In those days, learning guitar was about buying actual chord books and learning riffs from the older kids in the neighborhood. But this is the brave new digital age, of course, and things are different now.
To wit: The hybrid instructional/recreational game “Rocksmith 2014” ($79.99, rated T), which is designed to turn your PlayStation 3 or Xbox 360 game console into an interactive guitar learning tool. A largely improved update to the 2011 original, “Rocksmith” combines a familiar rhythm game interface with a wide array of tutorials for various skill levels.
Pros and cons
The principal hook, as it were, is that with “Rocksmith” you can plug your electric guitar or bass directly into your PS3, X360 or PC/Mac, by way of the included USB adapter cable. The standard quarter-inch plug on the business end of the cable fits the output jack on virtually any electric guitar or acoustic pickup rig.
That is to say, with “Rocksmith” you are playing an actual guitar as opposed one of those plastic peripheral toys of the initial “Guitar Hero” and “Rock Band” craze. The downside of this is that “Rocksmith” has some unavoidable technical problems.
Due to certain audio processing issues that I barely understand – and I’ve tried – “Rocksmith” has a huge audio lag issue if you’re using your TV speakers and the standard HDMI cable to connect to your game console. When you pluck or strum your guitar, the sound coming out of TV comes about a half-second later. This has to do with digital to analog conversion, but it any case, it renders “Rocksmith” almost entirely unusable, and it’s not something you’ll be alerted to on the back of the retail package.

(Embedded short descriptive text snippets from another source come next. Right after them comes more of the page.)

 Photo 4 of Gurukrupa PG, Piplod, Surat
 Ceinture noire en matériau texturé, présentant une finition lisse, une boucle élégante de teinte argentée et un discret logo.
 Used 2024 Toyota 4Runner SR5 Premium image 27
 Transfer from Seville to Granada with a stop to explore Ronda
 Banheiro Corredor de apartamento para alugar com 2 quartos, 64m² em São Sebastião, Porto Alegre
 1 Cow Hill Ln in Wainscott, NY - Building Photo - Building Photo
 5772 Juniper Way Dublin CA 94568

The workaround isn’t all that onerous, but most players will need to pipe their console audio out through analog component cables (not included) to a separate speaker, amp or home theater system (also not included, not included and not included). You probably have the cables and speakers you need lying around (I did – old desktop PC speakers work fine), but it’s a drag to have to monkey with all this every time you want to dig into “Rocksmith.”
Great learning tool
And you will want to dig in, because the game’s generous package of instructional options provide an entirely new, and entirely efficient, way of learning guitar.

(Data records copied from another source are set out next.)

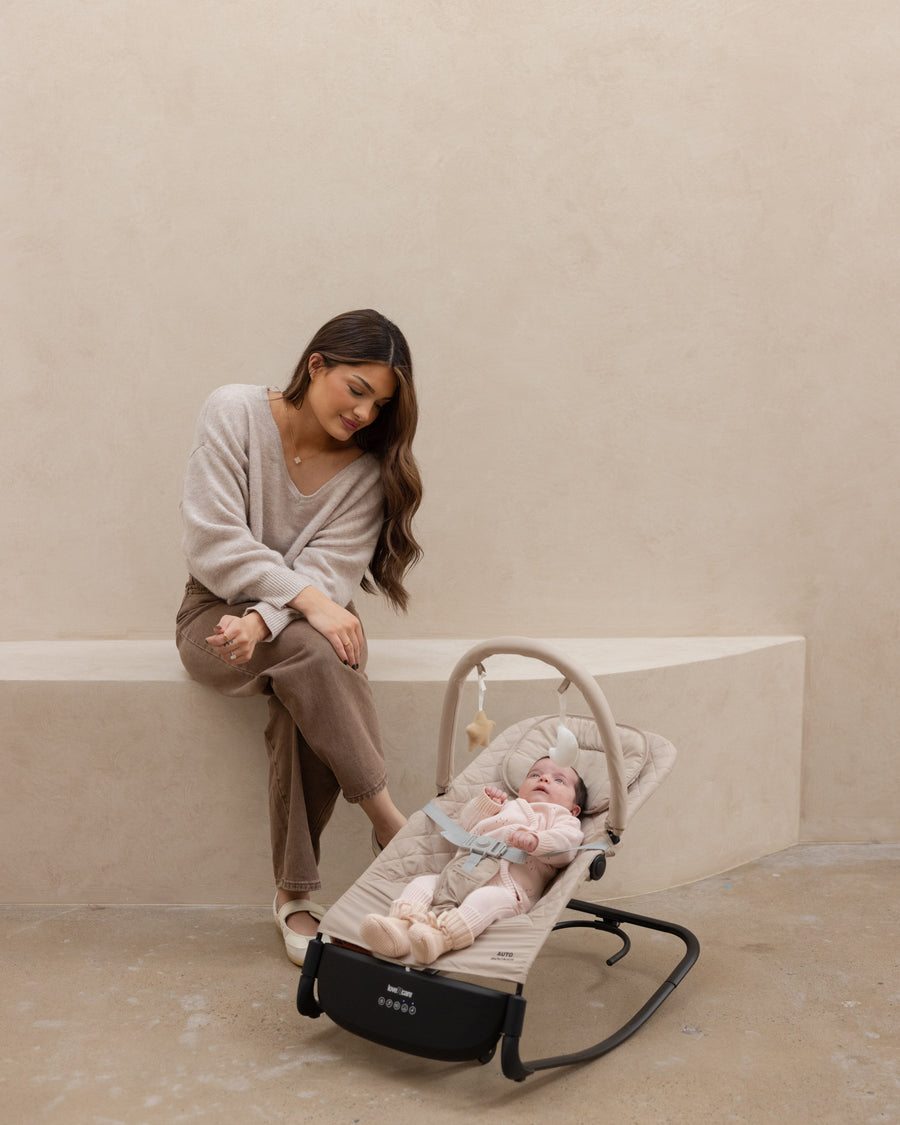 Auto Rocker — Beige — mum with baby in the rocker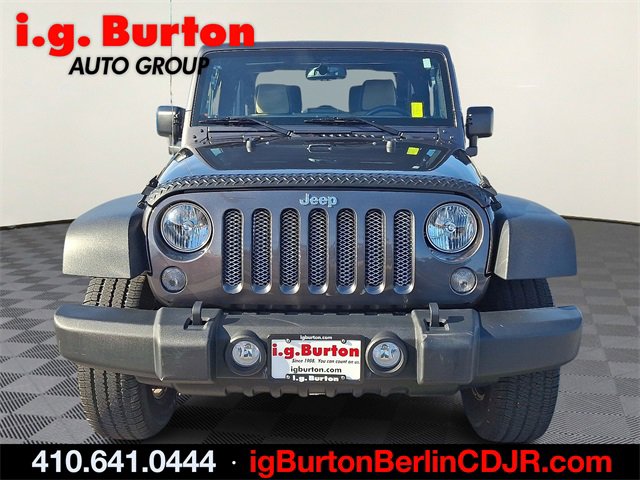 Used 2018 Jeep Wrangler Sport image 2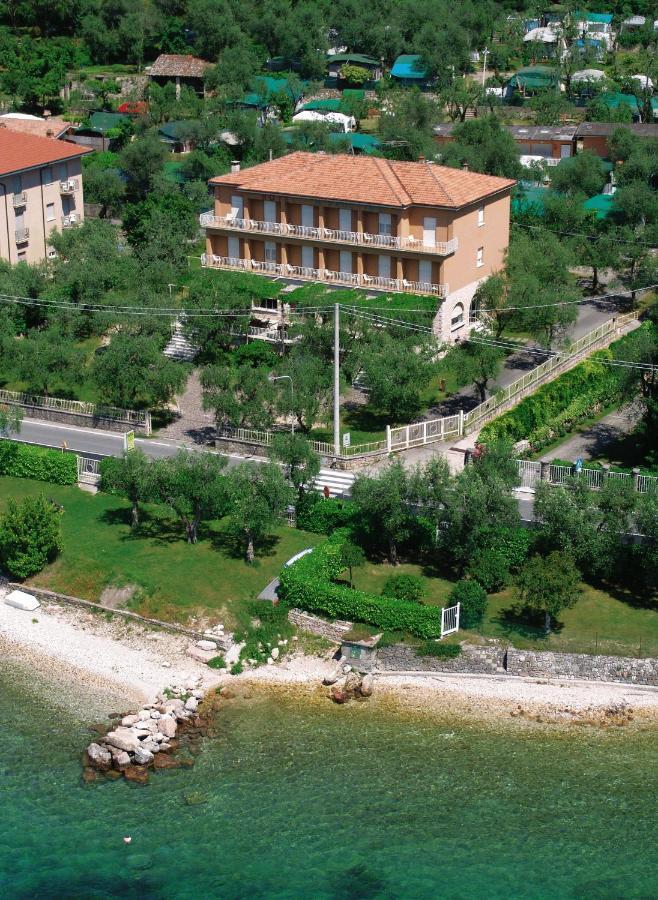 Hotel San Faustino トッリ・デル・ベーナコ エクステリア 写真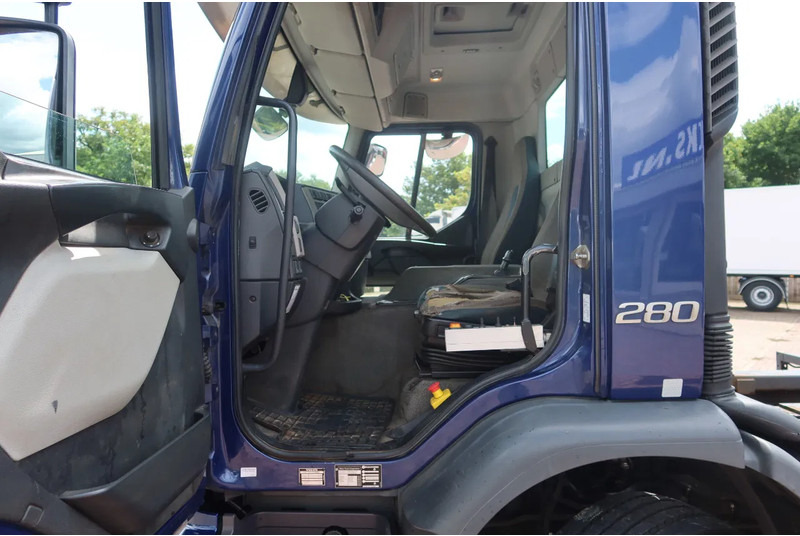 Volvo FE 280 Container / Kabelsysteem H.T.S Kabel, 15 ton, 575 cm 6 Cilinder - Veoauto - kaablisüsteem: pilt 4 Volvo FE 280 Container / Kabelsysteem H.T.S Kabel, 15 ton, 575 cm 6 Cilinder - Veoauto - kaablisüsteem: pilt 4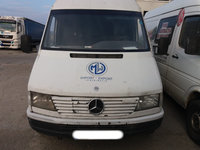 Dezmembrez Mercedes-Benz SPRINTER (W903) 1995 - 2006 312 D 2.9 OM 602.980 ( CP: 122, KW: 90, CCM: 2874 ) Motorina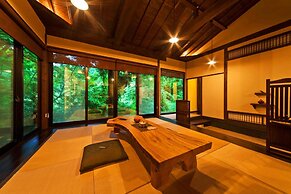 Hanarenoyado Sennomori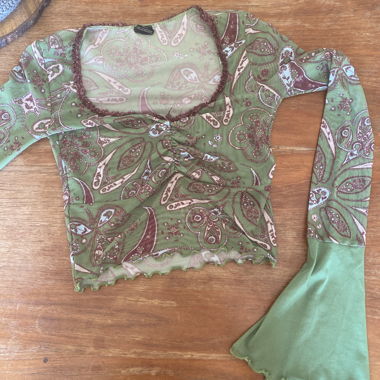 Top floral vert manche longue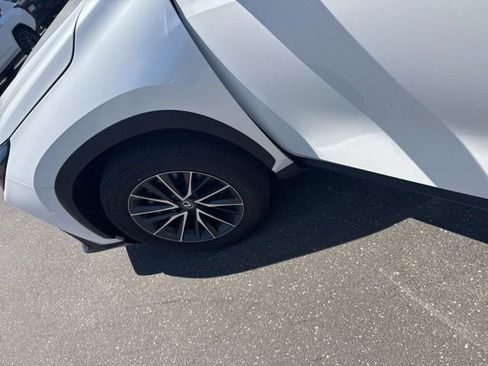 Used 2024 Lexus NX 350h AWD image 4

Returning players will find that the Rocksmith interface has been entirely overhauled. The “note highway” is the game’s primary learning tool, and it operates like a more detailed version of the scrolling notes prompts from the “Guitar Hero” games. Each note slides down with the proper fret number affixed along the six color-coded guitar strings.
This is how you learn your riffs and melodies, and it’s a good system once you get used to it. But older players who grew up on guitar tablature or traditional music notation will have to unlearn some habits.
One valuable new addition is the Riff Repeater function, which allows you to isolate troublesome passages in a given song, then slow them down and adjust the difficulty and speed of the riff. Experienced guitarists will find this helpful in certain instances. I found it helpful pretty much everywhere.
Lots of features
The game’s other features include an effects studio for tweaking distortion and reverb; a handful of arcade mini-games that make practicing more fun; a Session mode for jamming with a virtual band; and a series of tutorial videos especially usefully for newcomers learning basic technique.
The included song list features selections from the 1960s to 2013, across a spectrum of styles and difficulty levels. Double secret bonus tip: Stay away from those Rush songs until you’ve been practicing for several dozen years. Additional song bundles can be purchased online. “Rocksmith” also offers a retail version without the adapter cable for $59.99, or a guitar bundle with a Epiphone Les Paul Jr. guitar for $199.99.
The new “Rocksmith 2014” is a generous suite of learning tools for those serious about learning guitar who are willing to jerry-rig their game console audio setup to do it. More casual beginners are better off with a $20 used acoustic and some chord books.
New this week: The repackaged “Tomb Raider: Definitive Edition” updates last year’s blockbuster title for PS4 and Xbox One, with all DLC content, improved frame rate and some new next-gen console specs.